Entre os investigados estão Hussein Ghandour Neto, Antônio Carlos Leite de Barros e Ivanildo da Cunha Miranda. Os três negaram, por meio de seus advogados, que o fogo tenha se iniciado em suas fazendas de forma intencional.

A defesa de Cunha Miranda disse que seu cliente “nunca colocou nem mandou colocar fogo” em suas propriedades e que o fazendeiro “é vítima dos incêndios”. O advogado de Gandhour Neto declarou que a fazenda alvo da PF está em nome de seu cliente, mas é administrada pelo pai e o irmão, mas que a família “desconhece qualquer situação de fogo intencional dentro da área deles”. Leite de Barros é cardiologista em Corumbá, além de pecuarista.
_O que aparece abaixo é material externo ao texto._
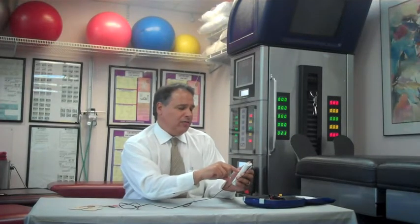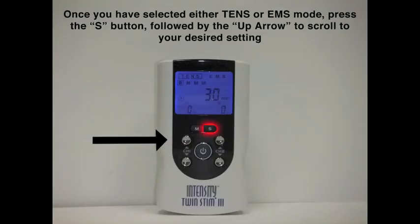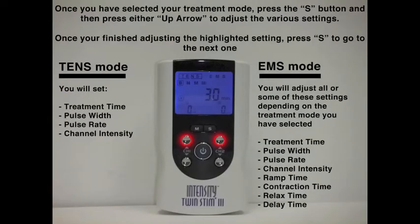Press the S, and then with the up arrow, we will be able to scroll throughout the modes. Select the N, press S again, and you'll be able to change the time. You'll see a clock flashing — use the up and down arrow to set your preset time. Press S once again and PW, or pulse width, will display. Use the up and down arrow to change that parameter.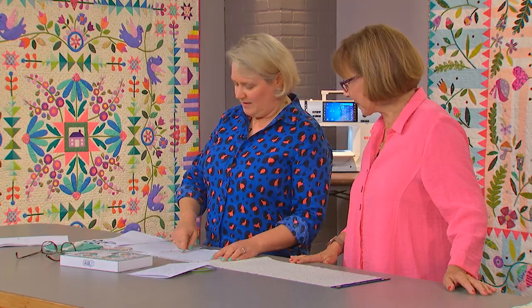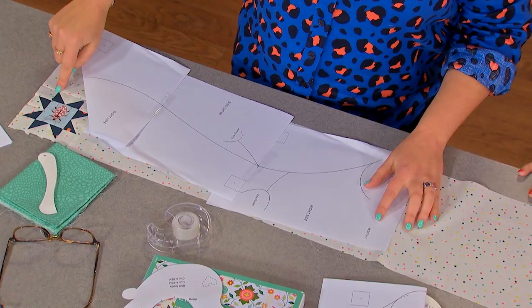What will our viewers learn from you? Well, I'll show you my way to do appliqué — the Sarah Filke way. Plus, if you struggle to lay out appliqué borders, I've got tips just for you.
Segundo o advogado Roberto Lins, seu cliente não foi responsável pela queimada. “Ele tem amor pela terra. Recebeu a fazenda como herança e sabe que esse tipo de queimada provoca prejuízo”, afirmou.

Desde a segunda-feira 28 os delegados da Polícia Federal foram orientados pela Superintendência da Polícia Federal, em Brasília, a pararem de conceder entrevistas sobre o andamento da investigação. O discurso oficial é que os próximos passos dependem do resultado da perícia nos celulares e notebooks apreendidos.

 

Cerca de 20% do bioma foi destruído pelas queimadas recordes deste ano (Foto: Álvaro Rezende/Repórter Brasil)

 

A Repórter Brasil já revelou que parte do fogo que devasta o Pantanal no vizinho Mato Grosso também teve origem em fazendas de pecuaristas que vendem gado para o grupo Amaggi, do ex-ministro,ex-senador e ex-governador Blairo Maggi, e para o grupo Bom Futuro, de Eraí Maggi, considerado o maior produtor de soja do mundo. Esses dois grupos empresariais, por sua vez, são fornecedores das gigantes multinacionais JBS, Marfrig e Minerva.

Para identificar as cinco fazendas, a Repórter Brasil usou um levantamento do Instituto Centro da Vida (ICV), com uma metodologia semelhante à da Polícia Federal, que também  cruzou dados do Inpe e Nasa. O fogo que teve início nessas propriedades rurais voltadas para pecuária, todas localizadas em Poconé (a 100 km da capital Cuiabá), foi responsável por destruir 116.783 hectares, área equivalente à cidade do Rio de Janeiro.

O Pantanal já perdeu 23% da sua área para as queimadas neste ano. A combinação entre o período seco e o uso de fogo por fazendeiros para abrir pastagens provocou 8,6 mil focos de incêndio somente em setembro de 2020 no bioma, segundo o Inpe. A área destruída neste ano é de cerca de 3 milhões de hectares, tamanho equivalente ao da Bélgica.

O cenário visto pela reportagem nas margens da BR-262, entre as cidades de Miranda e Corumbá, é desolador. Nas áreas alagadas que restaram do Pantanal, não mais se observam os até então onipresentes jacarés – apenas um espécime carbonizado pelas chamas. Em meio às cinzas e brasas, um cervo, atônito, caminha  sozinho e sem rumo. Um tuiuiú – ave-símbolo do Pantanal – arremete o pouso algumas vezes, como se não encontrasse um lugar em meio à vegetação queimada.